__Records provided__:
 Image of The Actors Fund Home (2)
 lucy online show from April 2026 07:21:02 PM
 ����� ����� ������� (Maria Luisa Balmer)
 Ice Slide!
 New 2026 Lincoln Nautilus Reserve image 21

--

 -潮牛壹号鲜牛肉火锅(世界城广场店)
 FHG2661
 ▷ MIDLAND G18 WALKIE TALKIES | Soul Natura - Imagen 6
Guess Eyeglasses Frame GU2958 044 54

==

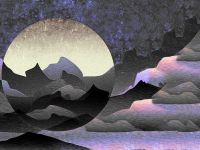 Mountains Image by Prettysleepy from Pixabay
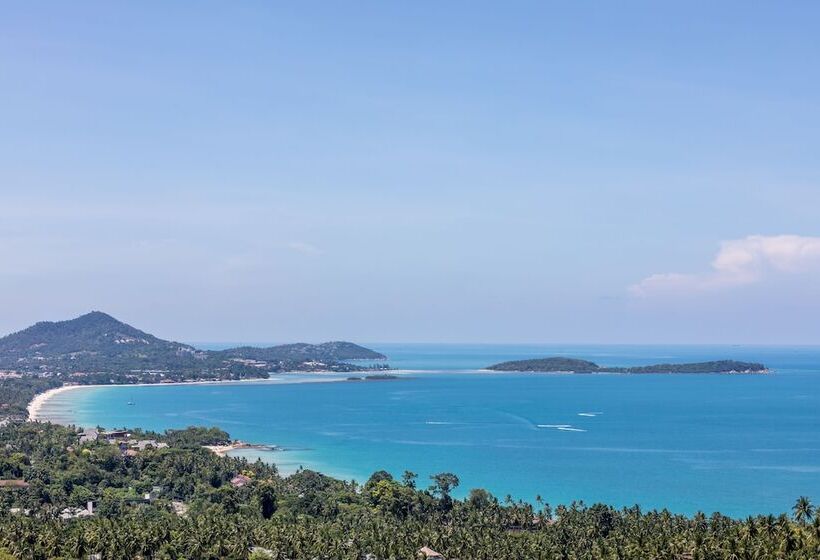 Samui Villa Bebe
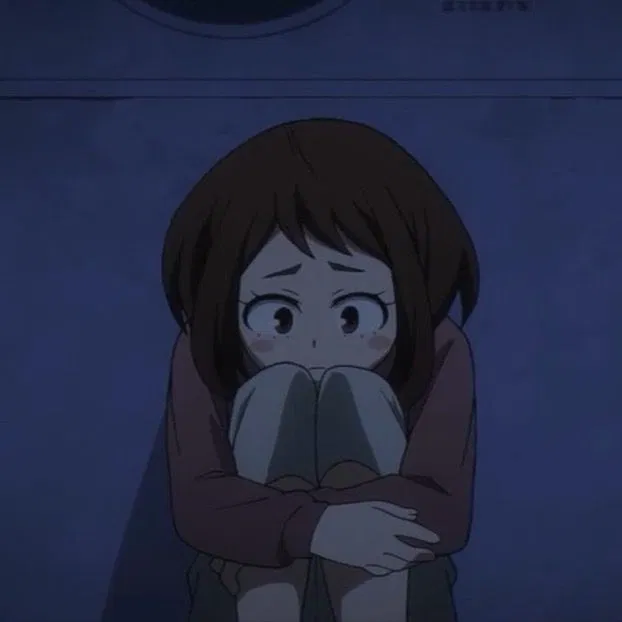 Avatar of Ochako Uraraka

__Task prompt__:
In the listing above, find the line containing "Image of The Actors Fund Home (2)" and the line containing "New 2026 Lincoln Nautilus Reserve image 21". Output them and every line between, exactly, and nothing else.

__Your solution__:
 Image of The Actors Fund Home (2)
 lucy online show from April 2026 07:21:02 PM
 ����� ����� ������� (Maria Luisa Balmer)
 Ice Slide!
 New 2026 Lincoln Nautilus Reserve image 21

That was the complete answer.